Sumen ustedes: SGA, J-Dub y Caruso aportaron 81 puntos combinados. Y aun así, no fue suficiente. Es la primera derrota del Thunder en todos estos playoffs. El campeón vigente cayó por primera vez, y cayó en casa.
Una serie para la historia
Por si no fuera suficiente con todo lo anterior, esta es la primera serie desde las Finales de 1998 entre Bulls y Jazz —y apenas la séptima en toda la historia— en la que ambos equipos llegan habiendo ganado al menos 62 partidos en temporada regular. Estamos viendo basketball de élite absoluta, de los que recordarán los nietos.
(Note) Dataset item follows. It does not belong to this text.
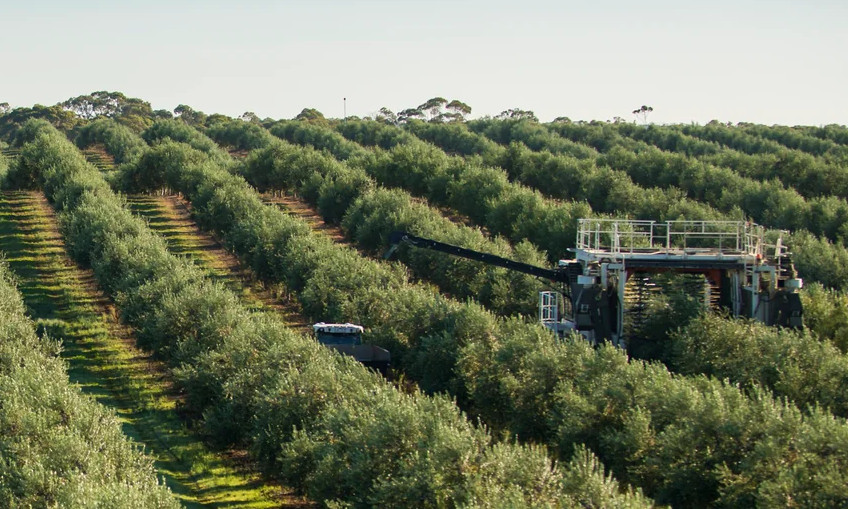 cobram-olives_harvester_5x3.jpg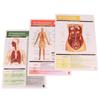Guias de Estudo de Anatomia e Fisiologia - Conjunto de 10 Guias de Anatomia Humana para Estudantes de Enfermagem Profissões Médicas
Si el Thunder no encuentra rápido una respuesta para Wembanyama, este San Antonio tiene pinta de poder destronar a los campeones vigentes. Y ojo, porque Wemby apenas tiene 22 años y ya es el jugador más joven en liderar a su equipo en puntos y rebotes entrando a unas Finales de Conferencia, superando a Jayson Tatum en 2020.
El Juego 2 promete fuego. Y nosotros estaremos ahí para contártelo.